== Source data ==
____________
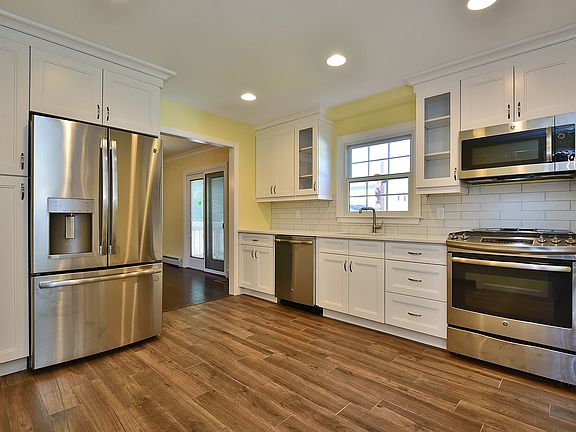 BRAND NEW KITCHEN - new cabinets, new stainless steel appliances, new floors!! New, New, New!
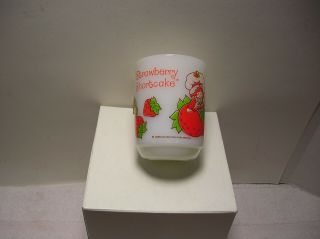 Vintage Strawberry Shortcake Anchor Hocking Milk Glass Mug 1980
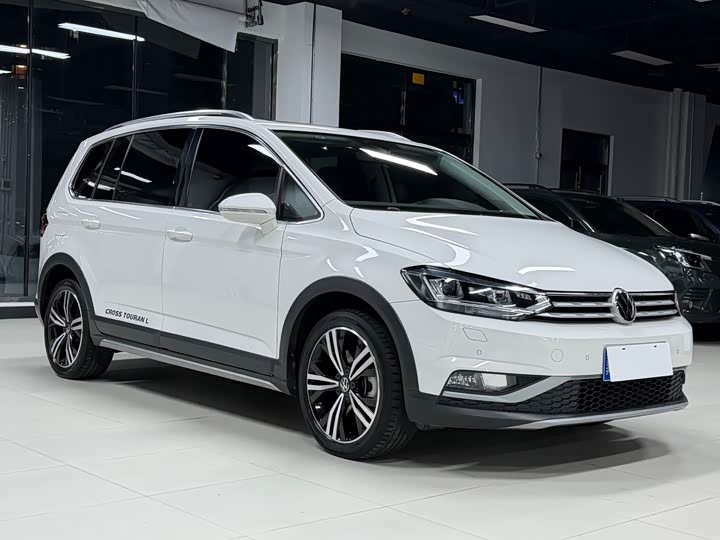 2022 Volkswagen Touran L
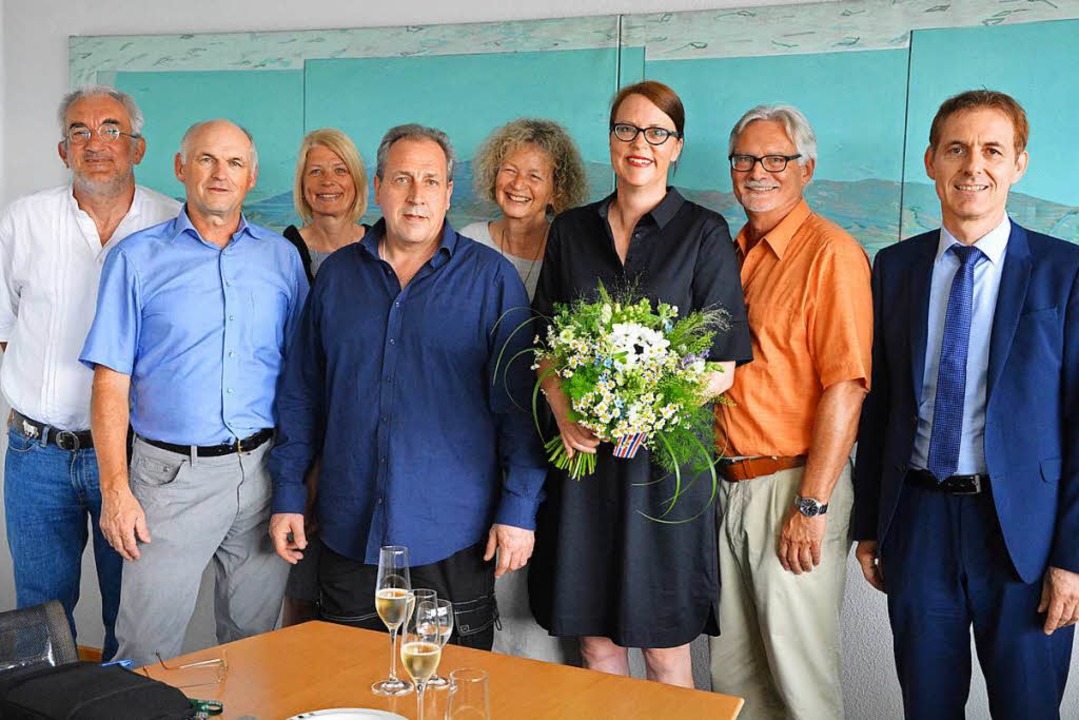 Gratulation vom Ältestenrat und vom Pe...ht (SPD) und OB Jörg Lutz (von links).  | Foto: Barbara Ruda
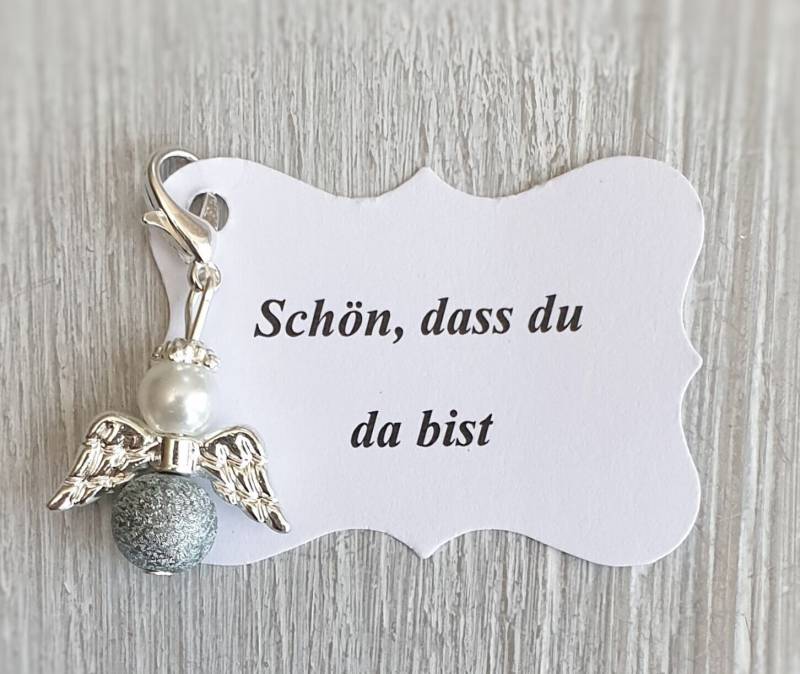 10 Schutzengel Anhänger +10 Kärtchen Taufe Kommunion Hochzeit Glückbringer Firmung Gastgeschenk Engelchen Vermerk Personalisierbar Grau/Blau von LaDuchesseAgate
____________
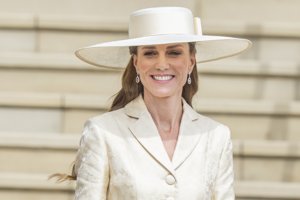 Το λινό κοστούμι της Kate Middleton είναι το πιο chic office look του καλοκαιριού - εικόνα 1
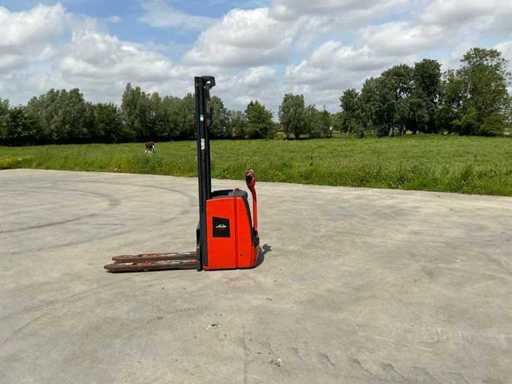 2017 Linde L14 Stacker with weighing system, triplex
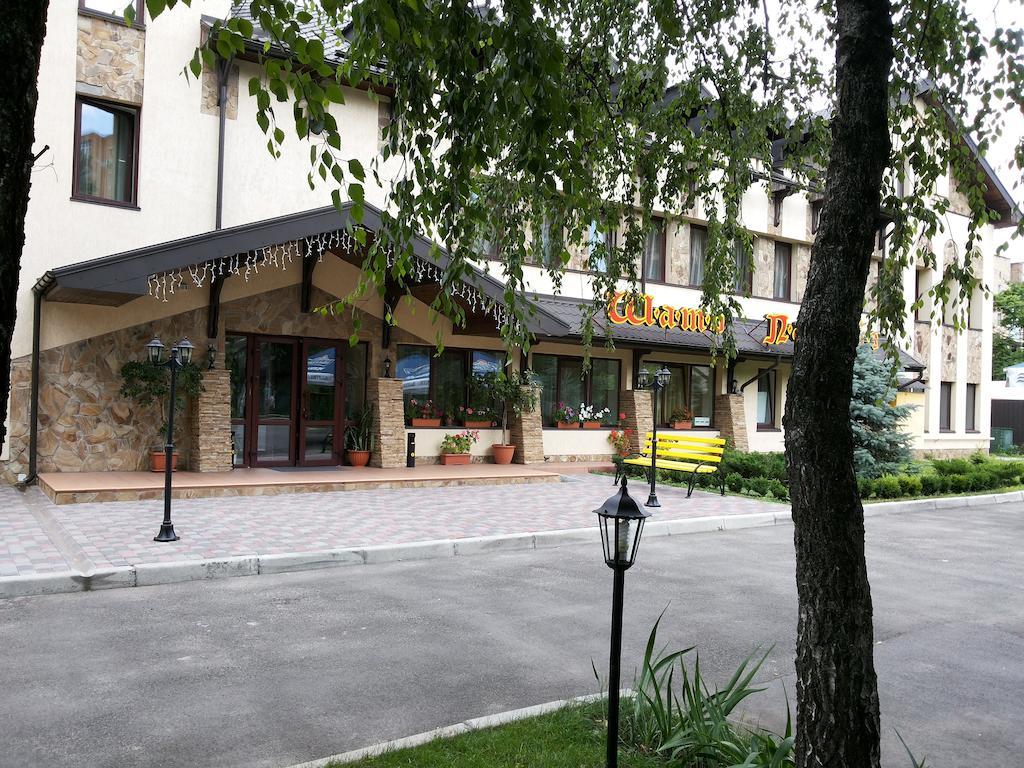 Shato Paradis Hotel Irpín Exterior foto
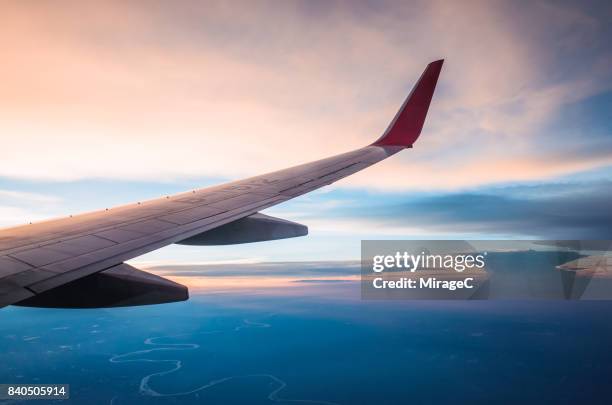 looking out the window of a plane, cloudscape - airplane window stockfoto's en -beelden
____________
== Work item ==
Reproduce the data above exactly, but only from the line containing "2017 Linde L14" through the line containing "looking out the"; skip the pictures.

== Result of this task ==
 2017 Linde L14 Stacker with weighing system, triplex
 Shato Paradis Hotel Irpín Exterior foto
 looking out the window of a plane, cloudscape - airplane window stockfoto's en -beelden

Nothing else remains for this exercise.